In Mouse Guard for example, the game wants players to know what to want from an encounter before they begin, because they can’t achieve the death of their opponent unless they mean to–likewise your mice can’t die unless such a thing is deemed possible from the outset.

Let’s be fair, there are lots of “new school” games with mechanics like this. “You can’t die unless death is part of the stakes.”

There are definitely at least two views on this: one which is that games that don’t allow for death are “wimpy” somehow, or that having death impossible without preparing the mechanics ahead of time is somehow “unrealistic.”

I want to be clear in saying ahead of time that I think both methods of play are equally valid. Death occurring randomly and meaninglessly during combat is a valid way to play; so is death being completely off the table unless it’s something the players want.

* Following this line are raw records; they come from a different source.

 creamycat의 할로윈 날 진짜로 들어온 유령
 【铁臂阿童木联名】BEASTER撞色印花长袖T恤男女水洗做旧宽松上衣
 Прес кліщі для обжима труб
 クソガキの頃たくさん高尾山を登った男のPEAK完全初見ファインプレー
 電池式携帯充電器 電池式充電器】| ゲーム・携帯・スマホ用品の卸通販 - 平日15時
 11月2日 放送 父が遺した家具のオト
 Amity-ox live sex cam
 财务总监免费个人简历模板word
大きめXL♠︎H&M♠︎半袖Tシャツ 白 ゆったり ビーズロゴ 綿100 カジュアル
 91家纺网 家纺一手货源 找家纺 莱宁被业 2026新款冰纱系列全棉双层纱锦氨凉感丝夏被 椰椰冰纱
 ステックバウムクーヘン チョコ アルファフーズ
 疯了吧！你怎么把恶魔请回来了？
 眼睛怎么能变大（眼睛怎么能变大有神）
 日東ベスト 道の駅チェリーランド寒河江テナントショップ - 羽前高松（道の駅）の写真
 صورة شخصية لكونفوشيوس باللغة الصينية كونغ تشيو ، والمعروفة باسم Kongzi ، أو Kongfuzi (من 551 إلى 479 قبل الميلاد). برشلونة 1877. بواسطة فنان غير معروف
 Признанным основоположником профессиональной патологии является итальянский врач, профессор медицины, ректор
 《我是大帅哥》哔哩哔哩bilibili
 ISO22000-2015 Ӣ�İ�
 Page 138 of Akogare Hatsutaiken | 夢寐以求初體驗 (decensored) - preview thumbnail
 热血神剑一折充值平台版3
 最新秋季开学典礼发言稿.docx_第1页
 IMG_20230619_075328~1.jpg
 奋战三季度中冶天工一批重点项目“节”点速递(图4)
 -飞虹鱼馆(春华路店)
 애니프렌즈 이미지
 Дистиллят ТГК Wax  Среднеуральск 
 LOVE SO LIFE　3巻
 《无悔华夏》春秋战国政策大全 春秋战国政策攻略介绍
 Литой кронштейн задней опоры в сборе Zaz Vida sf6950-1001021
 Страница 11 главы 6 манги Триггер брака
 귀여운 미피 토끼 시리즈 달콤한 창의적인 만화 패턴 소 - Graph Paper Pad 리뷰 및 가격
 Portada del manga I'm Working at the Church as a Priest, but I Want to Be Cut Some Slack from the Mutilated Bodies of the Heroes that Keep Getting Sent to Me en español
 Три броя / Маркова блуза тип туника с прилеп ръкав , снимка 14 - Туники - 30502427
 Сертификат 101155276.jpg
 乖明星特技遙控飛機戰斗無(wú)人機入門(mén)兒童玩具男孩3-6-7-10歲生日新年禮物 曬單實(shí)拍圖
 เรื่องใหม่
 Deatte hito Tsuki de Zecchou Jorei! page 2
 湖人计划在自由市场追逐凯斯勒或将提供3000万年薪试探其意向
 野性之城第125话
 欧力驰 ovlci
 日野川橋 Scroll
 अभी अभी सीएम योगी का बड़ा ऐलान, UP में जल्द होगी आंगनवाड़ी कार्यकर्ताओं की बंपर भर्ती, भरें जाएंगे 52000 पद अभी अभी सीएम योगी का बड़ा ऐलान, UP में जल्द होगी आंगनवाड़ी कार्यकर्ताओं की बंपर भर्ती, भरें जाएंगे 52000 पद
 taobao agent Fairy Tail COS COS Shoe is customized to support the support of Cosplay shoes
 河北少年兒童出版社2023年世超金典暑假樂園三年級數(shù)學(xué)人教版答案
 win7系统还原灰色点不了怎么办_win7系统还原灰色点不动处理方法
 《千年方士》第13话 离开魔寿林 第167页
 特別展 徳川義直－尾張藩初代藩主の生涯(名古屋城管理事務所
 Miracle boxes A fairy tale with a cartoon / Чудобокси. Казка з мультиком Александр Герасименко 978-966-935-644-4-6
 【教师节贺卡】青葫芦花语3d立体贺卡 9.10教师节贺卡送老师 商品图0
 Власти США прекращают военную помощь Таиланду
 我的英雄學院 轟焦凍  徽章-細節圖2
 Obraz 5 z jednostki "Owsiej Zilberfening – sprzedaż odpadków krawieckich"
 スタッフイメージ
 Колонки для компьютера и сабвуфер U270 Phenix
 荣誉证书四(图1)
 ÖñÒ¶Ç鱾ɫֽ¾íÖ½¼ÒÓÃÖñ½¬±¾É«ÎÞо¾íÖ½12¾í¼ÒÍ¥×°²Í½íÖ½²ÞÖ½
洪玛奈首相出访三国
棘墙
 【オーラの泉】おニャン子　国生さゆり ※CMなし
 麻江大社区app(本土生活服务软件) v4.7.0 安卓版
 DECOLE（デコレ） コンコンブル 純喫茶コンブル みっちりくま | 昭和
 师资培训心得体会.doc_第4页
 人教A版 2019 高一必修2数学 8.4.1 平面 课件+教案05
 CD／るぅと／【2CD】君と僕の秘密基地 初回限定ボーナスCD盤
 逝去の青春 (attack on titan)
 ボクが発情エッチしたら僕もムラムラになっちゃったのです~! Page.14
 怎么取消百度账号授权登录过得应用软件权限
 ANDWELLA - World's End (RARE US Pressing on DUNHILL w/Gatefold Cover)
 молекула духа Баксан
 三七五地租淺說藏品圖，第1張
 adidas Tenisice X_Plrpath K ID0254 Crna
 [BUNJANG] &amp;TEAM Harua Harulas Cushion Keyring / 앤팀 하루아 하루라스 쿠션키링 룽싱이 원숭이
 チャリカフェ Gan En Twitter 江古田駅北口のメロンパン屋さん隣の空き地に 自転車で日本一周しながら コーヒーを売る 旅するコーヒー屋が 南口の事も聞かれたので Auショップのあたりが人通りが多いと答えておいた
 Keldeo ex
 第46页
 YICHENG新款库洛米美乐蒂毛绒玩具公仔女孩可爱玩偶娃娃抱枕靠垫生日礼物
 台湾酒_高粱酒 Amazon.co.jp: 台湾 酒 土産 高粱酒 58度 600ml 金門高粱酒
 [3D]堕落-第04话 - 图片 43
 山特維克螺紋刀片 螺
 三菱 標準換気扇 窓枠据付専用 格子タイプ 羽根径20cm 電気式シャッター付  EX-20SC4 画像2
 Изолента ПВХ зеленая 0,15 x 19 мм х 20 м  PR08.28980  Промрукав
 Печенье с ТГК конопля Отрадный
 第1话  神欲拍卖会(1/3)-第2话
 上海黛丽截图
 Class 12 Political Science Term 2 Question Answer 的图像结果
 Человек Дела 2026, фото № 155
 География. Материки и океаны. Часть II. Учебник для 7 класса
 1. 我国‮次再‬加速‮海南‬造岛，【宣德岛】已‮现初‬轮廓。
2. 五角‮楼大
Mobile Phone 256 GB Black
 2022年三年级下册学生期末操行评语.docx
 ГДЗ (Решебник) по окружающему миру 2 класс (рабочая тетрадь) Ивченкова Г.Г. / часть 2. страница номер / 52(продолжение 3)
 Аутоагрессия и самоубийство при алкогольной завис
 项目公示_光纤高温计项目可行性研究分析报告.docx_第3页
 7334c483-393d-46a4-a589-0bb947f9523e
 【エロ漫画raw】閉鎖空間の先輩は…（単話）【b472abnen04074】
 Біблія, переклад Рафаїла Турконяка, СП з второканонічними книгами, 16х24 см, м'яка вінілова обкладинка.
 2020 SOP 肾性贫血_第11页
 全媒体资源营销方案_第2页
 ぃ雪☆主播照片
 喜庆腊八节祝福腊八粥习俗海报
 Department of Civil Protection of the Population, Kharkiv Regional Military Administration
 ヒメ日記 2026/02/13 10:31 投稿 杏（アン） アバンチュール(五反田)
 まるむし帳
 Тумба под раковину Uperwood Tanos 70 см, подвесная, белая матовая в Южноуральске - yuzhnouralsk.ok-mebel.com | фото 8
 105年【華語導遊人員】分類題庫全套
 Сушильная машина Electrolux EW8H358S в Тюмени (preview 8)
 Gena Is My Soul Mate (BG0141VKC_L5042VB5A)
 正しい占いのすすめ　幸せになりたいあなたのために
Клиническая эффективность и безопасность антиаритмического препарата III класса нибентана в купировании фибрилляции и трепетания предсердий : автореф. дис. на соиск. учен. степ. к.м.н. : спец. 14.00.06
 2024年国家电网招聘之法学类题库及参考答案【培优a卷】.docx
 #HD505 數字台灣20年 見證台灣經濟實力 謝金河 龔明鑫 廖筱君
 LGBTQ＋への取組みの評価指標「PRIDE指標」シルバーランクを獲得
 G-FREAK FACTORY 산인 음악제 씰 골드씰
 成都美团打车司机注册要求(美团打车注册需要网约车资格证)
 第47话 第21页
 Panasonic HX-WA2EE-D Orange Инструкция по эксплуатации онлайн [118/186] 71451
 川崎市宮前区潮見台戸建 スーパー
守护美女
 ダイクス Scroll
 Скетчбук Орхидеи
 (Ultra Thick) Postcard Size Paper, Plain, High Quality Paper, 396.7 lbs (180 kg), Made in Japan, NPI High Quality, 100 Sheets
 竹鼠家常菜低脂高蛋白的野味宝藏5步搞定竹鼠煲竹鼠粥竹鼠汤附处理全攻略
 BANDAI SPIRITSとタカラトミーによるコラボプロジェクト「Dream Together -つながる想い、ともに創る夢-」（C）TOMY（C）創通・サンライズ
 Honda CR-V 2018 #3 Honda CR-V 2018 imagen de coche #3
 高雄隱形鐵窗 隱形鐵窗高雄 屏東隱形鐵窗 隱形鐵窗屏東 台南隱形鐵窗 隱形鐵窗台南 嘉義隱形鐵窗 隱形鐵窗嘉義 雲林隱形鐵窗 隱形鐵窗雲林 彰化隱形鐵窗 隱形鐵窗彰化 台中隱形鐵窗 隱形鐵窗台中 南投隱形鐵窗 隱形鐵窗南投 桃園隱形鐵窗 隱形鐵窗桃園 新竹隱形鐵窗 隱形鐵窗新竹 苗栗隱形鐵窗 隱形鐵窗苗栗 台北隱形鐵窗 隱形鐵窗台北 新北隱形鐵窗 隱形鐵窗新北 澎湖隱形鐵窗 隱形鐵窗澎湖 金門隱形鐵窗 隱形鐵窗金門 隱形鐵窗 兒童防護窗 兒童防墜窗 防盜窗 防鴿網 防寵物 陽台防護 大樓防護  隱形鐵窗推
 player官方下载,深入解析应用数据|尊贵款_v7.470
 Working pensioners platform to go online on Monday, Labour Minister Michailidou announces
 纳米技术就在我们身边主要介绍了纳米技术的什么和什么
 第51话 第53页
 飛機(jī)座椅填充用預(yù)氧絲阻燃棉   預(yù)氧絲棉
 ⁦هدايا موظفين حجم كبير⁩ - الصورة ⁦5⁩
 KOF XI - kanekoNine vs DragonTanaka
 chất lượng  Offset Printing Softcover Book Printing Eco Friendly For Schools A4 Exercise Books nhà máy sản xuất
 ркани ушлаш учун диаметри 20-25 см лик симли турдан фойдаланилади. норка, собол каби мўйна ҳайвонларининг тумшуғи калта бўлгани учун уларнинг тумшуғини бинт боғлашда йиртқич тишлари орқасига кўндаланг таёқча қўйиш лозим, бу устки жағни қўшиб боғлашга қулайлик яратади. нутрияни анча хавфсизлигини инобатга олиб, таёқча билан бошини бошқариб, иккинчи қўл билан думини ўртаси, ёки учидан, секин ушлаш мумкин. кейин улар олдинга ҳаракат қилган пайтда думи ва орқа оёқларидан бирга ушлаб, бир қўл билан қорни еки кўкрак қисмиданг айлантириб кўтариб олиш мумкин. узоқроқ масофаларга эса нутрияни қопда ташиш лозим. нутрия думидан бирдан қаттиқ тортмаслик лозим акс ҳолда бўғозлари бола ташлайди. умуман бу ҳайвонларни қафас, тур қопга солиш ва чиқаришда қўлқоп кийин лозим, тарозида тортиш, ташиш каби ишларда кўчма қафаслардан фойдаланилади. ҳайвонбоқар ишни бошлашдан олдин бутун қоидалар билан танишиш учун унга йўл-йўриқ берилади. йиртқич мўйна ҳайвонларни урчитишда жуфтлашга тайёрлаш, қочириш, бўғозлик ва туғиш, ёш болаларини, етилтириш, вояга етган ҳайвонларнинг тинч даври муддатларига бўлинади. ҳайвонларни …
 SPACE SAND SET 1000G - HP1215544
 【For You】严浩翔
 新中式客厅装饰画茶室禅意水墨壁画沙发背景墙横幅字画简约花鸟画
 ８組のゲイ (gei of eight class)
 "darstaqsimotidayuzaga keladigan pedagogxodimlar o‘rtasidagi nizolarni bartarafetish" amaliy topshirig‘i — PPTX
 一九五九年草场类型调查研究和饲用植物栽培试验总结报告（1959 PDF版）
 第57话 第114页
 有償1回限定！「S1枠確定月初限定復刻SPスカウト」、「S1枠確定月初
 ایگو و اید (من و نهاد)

As to my own preferences over the years, I have drifted in and out of both views, starting with the “lighter and fluffier” option, and gradually and more consistently moving into the “darker and grittier” camp with age and experience.

Let’s be clear about something else. I disagree with both the idea that removing death from the equation is “wimpy” and “unrealistic.” My (brief) retort to both of these views is a) life is suffering and death is cheap, and b) the majority of people don’t deal with death on a daily basis (therefore it doesn’t make sense for most things to have hit points).

So, why do I prefer the darker and grittier approach? Because I enjoy horror.

Random (accidental) and meaningless death is a staple of the horror genre, which Dungeons & Dragons frequently (and freely) incorporates. The more I thought about it, the more it made sense to me.

Why play with sanity and madness effects? Insanity is a staple of the horror genre.

Why play with undead and eldritch abominations? Both monsters are staples of the horror genre.

Why play with falling damage and hidden or deadly traps? Random, unforeseeable, or accidental death.

Why play with injuries and permanent transformation/disfigurement? “Body horror” is a staple of the horror genre.

Why play with possession and mind control? Body horror, natch.

There are LOTS of horror tropes, and D&D borrows LIBERALLY from the horror genre for monsters and game mechanics. If you’ve been on the fence about whether death should be a regular occurrence in your game, I recommend considering the “genre” of your campaign.

I suspect that “death as a consequence of failure” has less to do with why many grognards play with random and meaningless death in their campaigns, and more to do with an appreciation or enjoyment (unconscious or otherwise) for the horror genre.